Problem statement: Skip the images and return the records below exactly.
*****
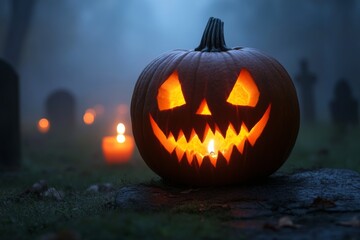 Naklejka premium Glowing Halloween Pumpkin In Misty Graveyard, Candles Illuminate Spooky Autumn Atmosphere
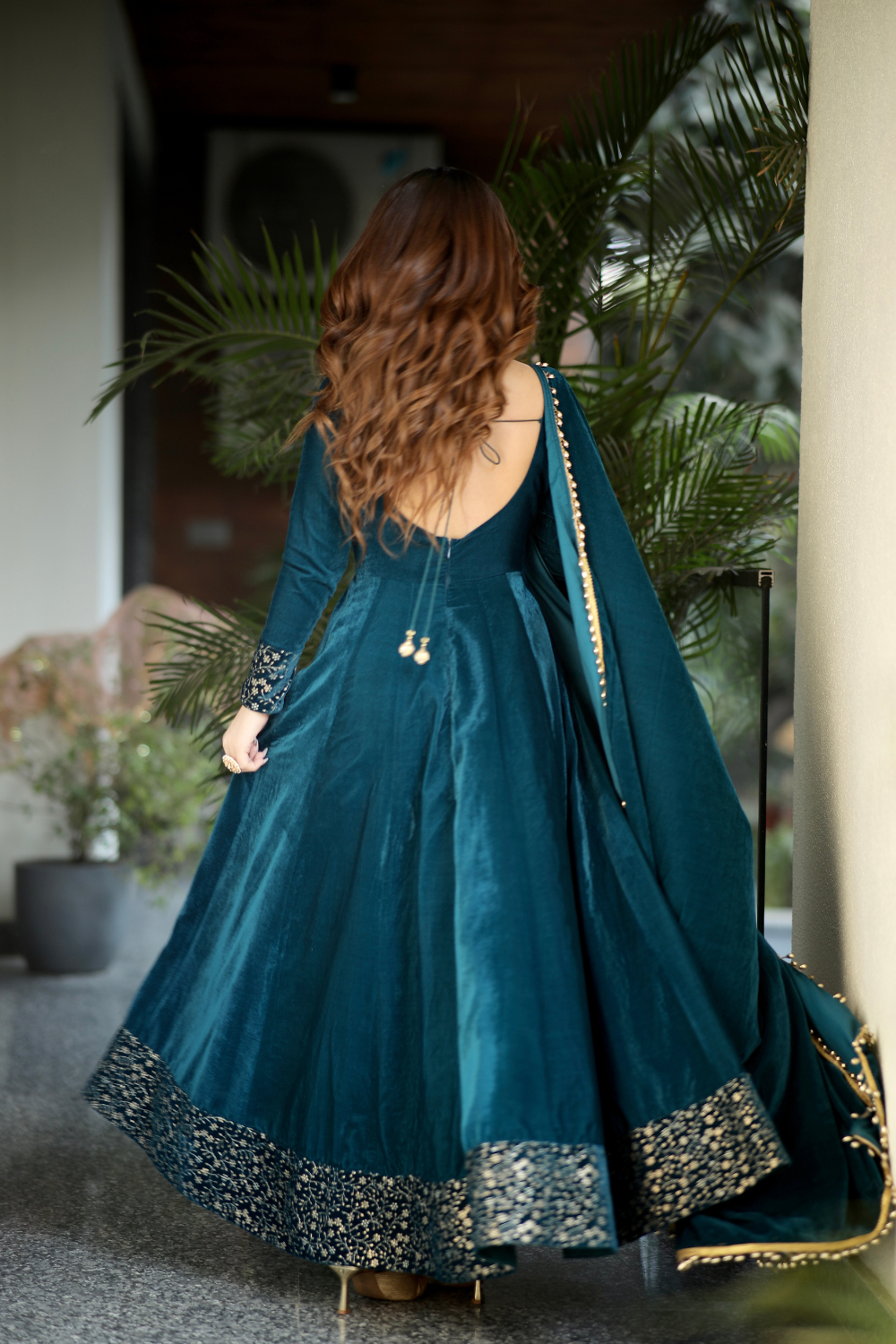 Deepika Velvet Anarkali- Sea Green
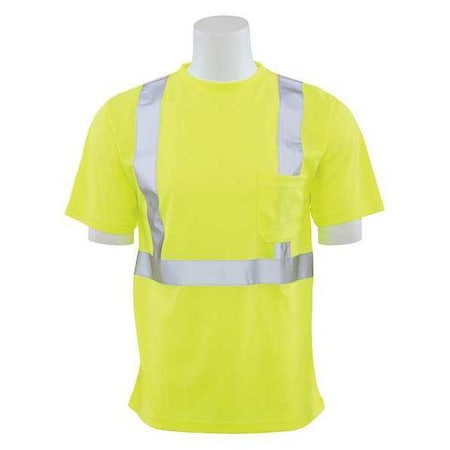 Deltaplus Hi-Vis Short-Sleeve Shirt, Class 2, Type R, 100% Polyester Birdseye Mesh with Moisture Wicking, M 62181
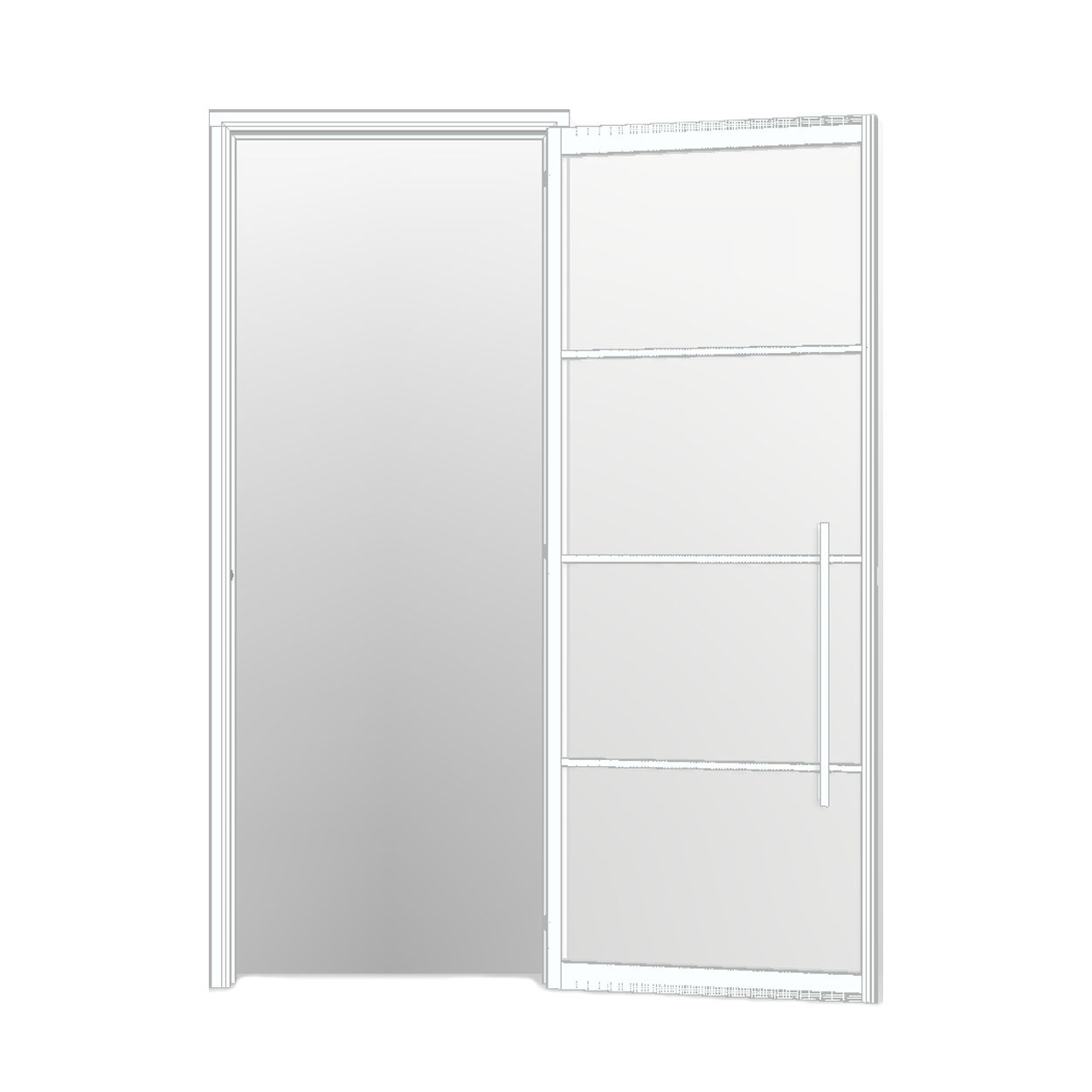 Skantrae SlimSeries Alu - Metalen Deur Wit met Kozijn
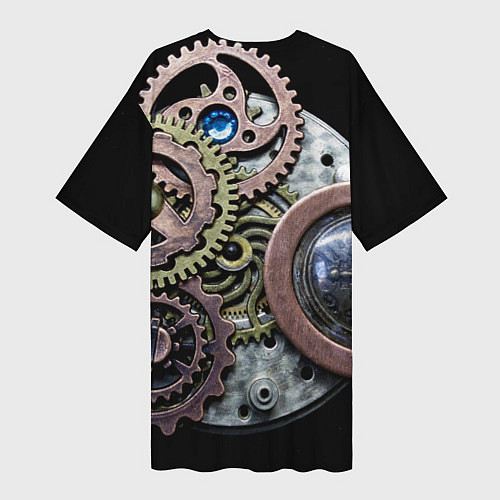 Женская длинная футболка Mechanism of gears in Steampunk style / 3D-принт – фото 2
*****
Result for this exercise:
 Naklejka premium Glowing Halloween Pumpkin In Misty Graveyard, Candles Illuminate Spooky Autumn Atmosphere
 Deepika Velvet Anarkali- Sea Green
 Deltaplus Hi-Vis Short-Sleeve Shirt, Class 2, Type R, 100% Polyester Birdseye Mesh with Moisture Wicking, M 62181
 Skantrae SlimSeries Alu - Metalen Deur Wit met Kozijn
 Женская длинная футболка Mechanism of gears in Steampunk style / 3D-принт – фото 2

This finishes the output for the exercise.